Web Scraping With Java

Web Scraping With Java

Web Scraping is the process of automatically extracting a specific set of data from websites. It involves scraping the HTML data from the target website and parsing the HTML data to get structured desired data.

What if you want to do web scraping With JAVA?

If you were wondering how to do that, no worries! This guide will teach you how to set up your basic scraper to extract data using Java and store the data in a structured format.

Java is one of the most influential and popular languages in the world. With its support for multithreading, it simplifies and speeds up many tasks. Since its launch, Java’s performance has significantly improved, leading to its growing popularity and, most importantly, community support.

So, tighten your seatbelt and prepare for this long tutorial on web scraping with Java

Why use Java For Web Scraping?

Web Scraping with Java offers you several benefits: 

  1. Rich ecosystem — Java supports various libraries and frameworks that are compatible for performing web scraping tasks.
  2. Multithreading — Java is a multithreaded language that allows developers to scrape multiple web pages simultaneously.
  3. Performance —Java is a high-performance and scalable language that can easily and efficiently handle large amounts of data.
  4. Community Support — Java has large and active community support, which means you’re likely to find a solution for any error while performing a web scraping task.

It is always beneficial to keep some essential points in mind while using Java for large-scale web scraping:

  1. Use a cluster of residential and data center proxies to bypass any blockage for smooth scraping.
  2. Utilize an efficient system of libraries that can accelerate the scraping process and handle large amounts of data without any issues.
  3. Use a scalable Web Scraping API if it is becoming harder to manage the scraper.

Read More: Scrape Google Search Results With Java

Web Scraping Libraries in Java

There are several web scraping libraries in Java, but the two most used are:

  1. HTMLUnit
  2. JSOUP

HTMLUnit is a headless browser written in Java. It can perform various tasks like clicking links, submitting forms, etc. It can also be used to extract data from the web page.

JSOUP is a perfect web scraping library available in Java. It can be used for fetching the HTML using the connect() method, parsing by identifying the correct HTML tags and manipulating data rapidly and effectively.

In the next section, we will cover the practical utilization of these libraries in detail.

Let’s start Web Scraping With Java

In this tutorial, we are going to scrape this web page. We will extract the titles of all the products available on the website, and then our next step will be to display them within our program.

Products on the web page

It is advisable to look for the HTML tags of the required elements to understand the structure of the HTML page before implementing your scraper into the program.

You can find the location of the title in HTML by right-clicking the mouse on any element present on the web page. A menu will open, from which you have to select the Inspect option.

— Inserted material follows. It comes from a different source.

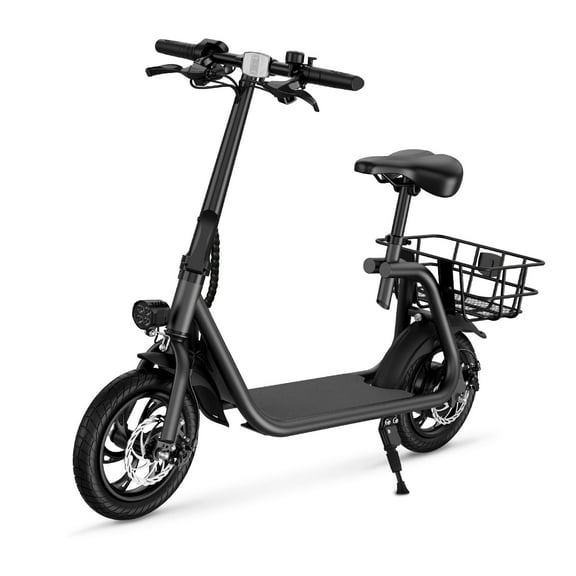 Windhorse Foldable Electric Scooter for Adults with Seat, 450W Motor, 20mph Speed, 20-Mile Range, Dual Brakes, UL2272 Certified, Portable Design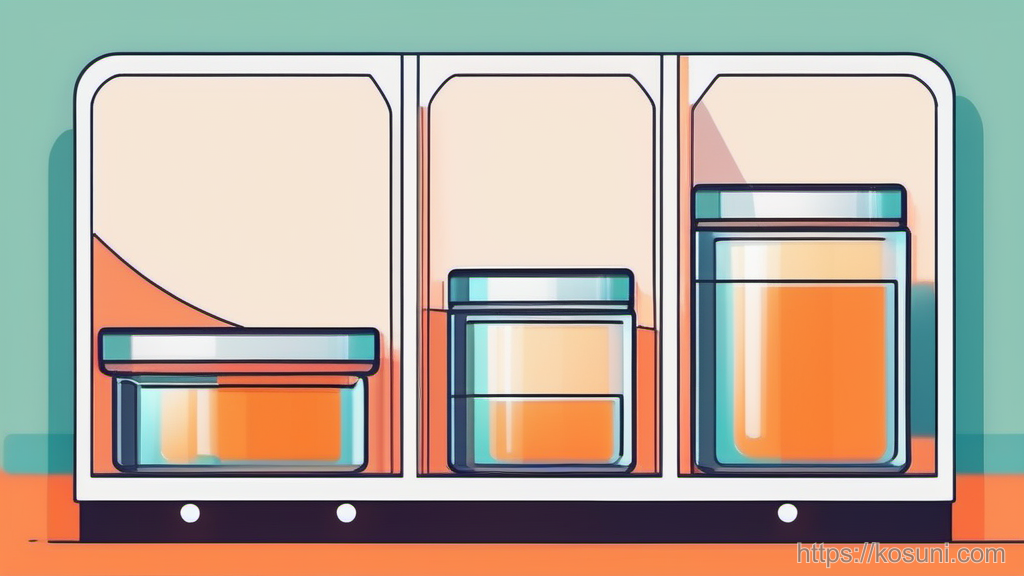 Three containers showing cache, cookies, and site data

There you can see the list of products with the tag li and class col-xs–6

Inspecting the web page

If you expand any of the list elements, you will get to know the location of the title in the list as h3.

Inspecting the product

Requirements

Before starting with the tutorial, I assume you have already set up the Java ecosystem within your device. If not, you can watch these videos:

  1. How to set up Java on Windows 11?
  2. How to set up Java on macOS?

For dependency management in Maven, you can read this guide.

HTMLUnit

To begin with HTMLUnit, I suggest adding this code to your pom.xml file.

<dependencies>
    <dependency>
        <groupId>net.sourceforge.htmlunit</groupId>
        <artifactId>htmlunit</artifactId>
        <version>3.3.0</version>
    </dependency>
    <dependency>
        <groupId>net.sourceforge.htmlunit</groupId>
        <artifactId>htmlunit-core-js</artifactId>
        <version>3.3.0</version>
    </dependency>
    <dependency>
        <groupId>org.apache.commons</groupId>
        <artifactId>commons-lang3</artifactId>
        <version>3.13.0</version>
    </dependency>
</dependencies>

So, we have included all the dependencies we need for this project. It’s time we should look at the procedure of the program.

Process

First, we will define our target URL and then use HTMLUnit to create a new web client on a particular platform. You can also choose Mozilla, Safari, etc. 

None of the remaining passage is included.